Em sede arbitral, o Requerente apenas apresentou a seu favor, para além do seu próprio depoimento, cuja valoração deve ser relativizada pelo tribunal, a prova testemunhal, que, apesar de verosímil, não deixa de ser um depoimento indireto relativamente aos factos ocorridos em 2015.

Logo, não tendo apresentado qualquer outra evidência suscetível de criar a dúvida sobre a existência e quantificação do facto tributário, não poderá o ato tributário ser anulado como peticionado pelo Requerente, ao abrigo do disposto no artigo 100.º n.º 1 do CPPT: “Sempre que da prova produzida resulte a fundada dúvida sobre a existência e quantificação do facto tributário, deverá o acto impugnado ser anulado”.

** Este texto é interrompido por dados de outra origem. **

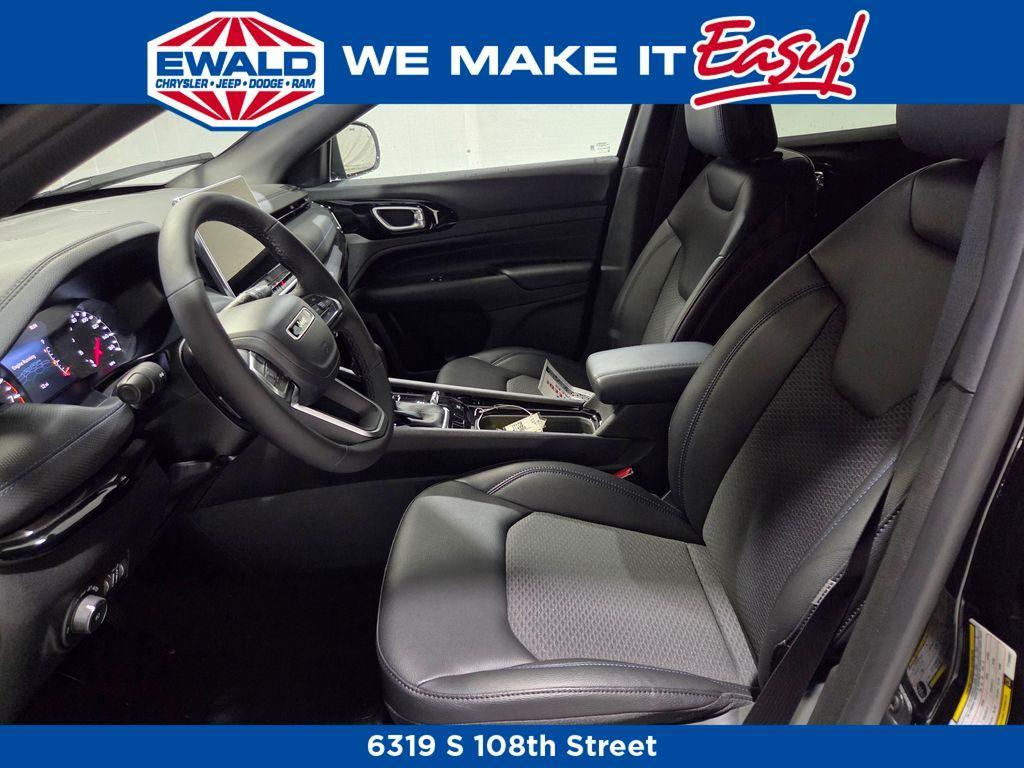 new 2026 Jeep Compass car, priced at $31,642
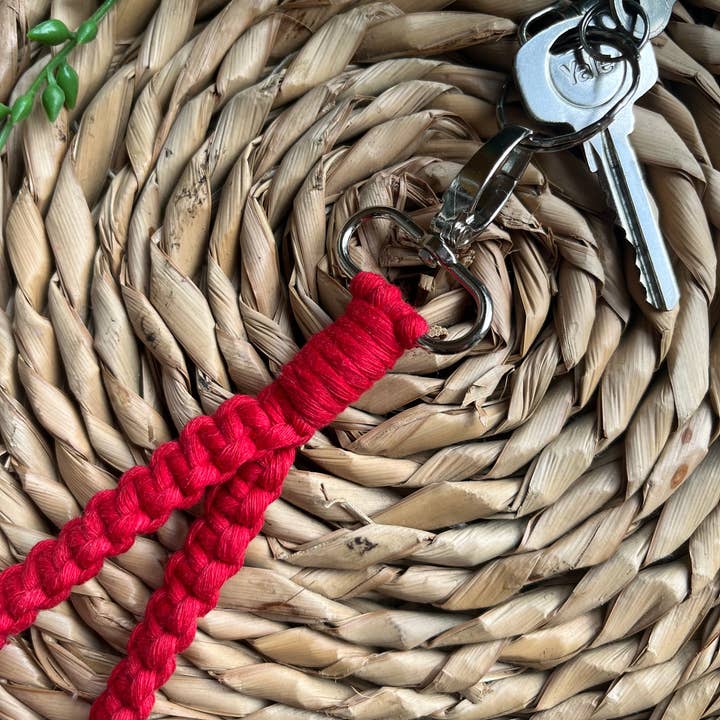 Macra-Made With Love – wholesale Keychain – Women's – Wristlet Keychain18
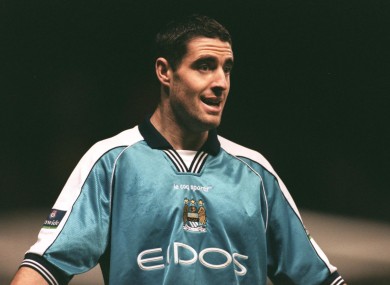 Kennedy spent two seasons at City.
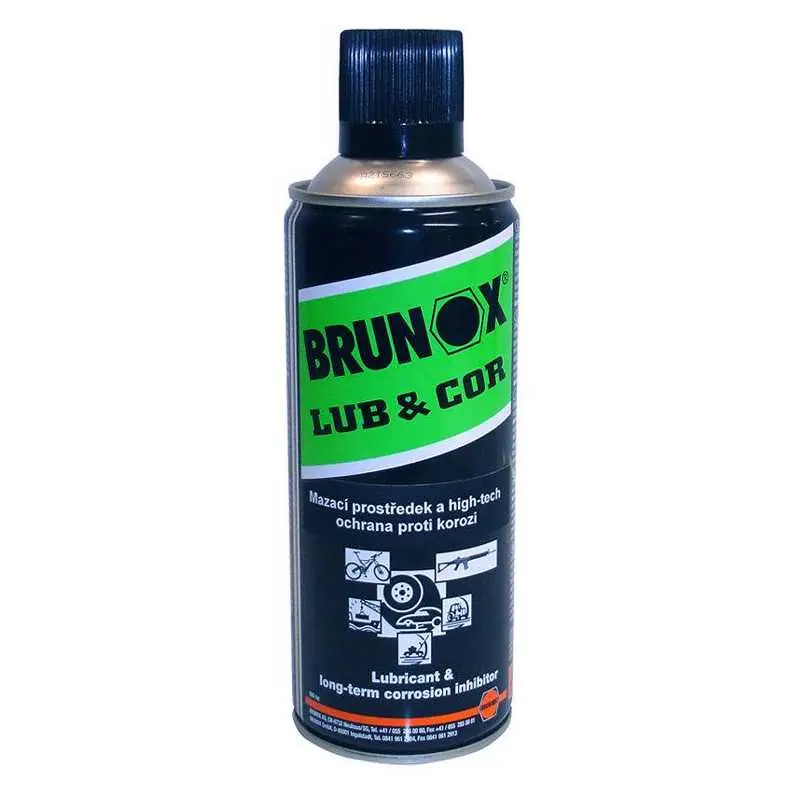 Olej BRUNOX IX50 na řetězy 400ml Vrácení Zdarma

Termos em que será de julgar improcedente, por não provado, o presente pedido de pronúncia arbitral, mantendo-se o ato de liquidação sub judice.

 

DECISÃO

Termos em que decide este Tribunal Arbitral:

a)            Julgar improcedente a exceção de incompetência material para apreciar o ato de segundo grau – indeferimento tácito do recurso hierárquico deduzido contra o indeferimento do pedido de revisão oficiosa da liquidação;

b)           Julgar procedente a exceção de incompetência material do tribunal arbitral para corrigir a liquidação, absolvendo a Requerida da instância;

c)            Julgar improcedente, por não provado, o pedido de anulação do indeferimento tácito do recurso hierárquico do ato de indeferimento do pedido de revisão oficiosa da liquidação de IRS, referente ao ano de 2015;

d)           Consequentemente, julgar improcedente, por não provado, o pedido de anulação da liquidação de IRS de 2015 n.º 2018…………..;

e)           Condenar o Requerente em custas.

 

V.           VALOR DA CAUSA

Em conformidade com o disposto no artigo 306.º n.º 2 do CPC e do artigo 97. °-A alínea a) do n.º 1 do CPPT, aplicável por força do artigo 29.º n.º 1 alíneas a) e b) do RJAT e do artigo 3.º n.º 2 do Regulamento de Custas nos Processos de Arbitragem Tributária (RCPTA), fixa-se ao processo o valor de € 6.332,26 (seis mil trezentos e trinta e dois euros e vinte e seis cêntimos).

 

VI.          CUSTAS

Nos termos do artigo 12.º n.º 2 e 22.º n.º 4 do RJAT, e do artigo 4.º, n.º 5 e 7, do citado Regulamento, fixa-se o montante das custas em €612, nos termos da Tabela I, do RCPTA, a cargo do Requerente.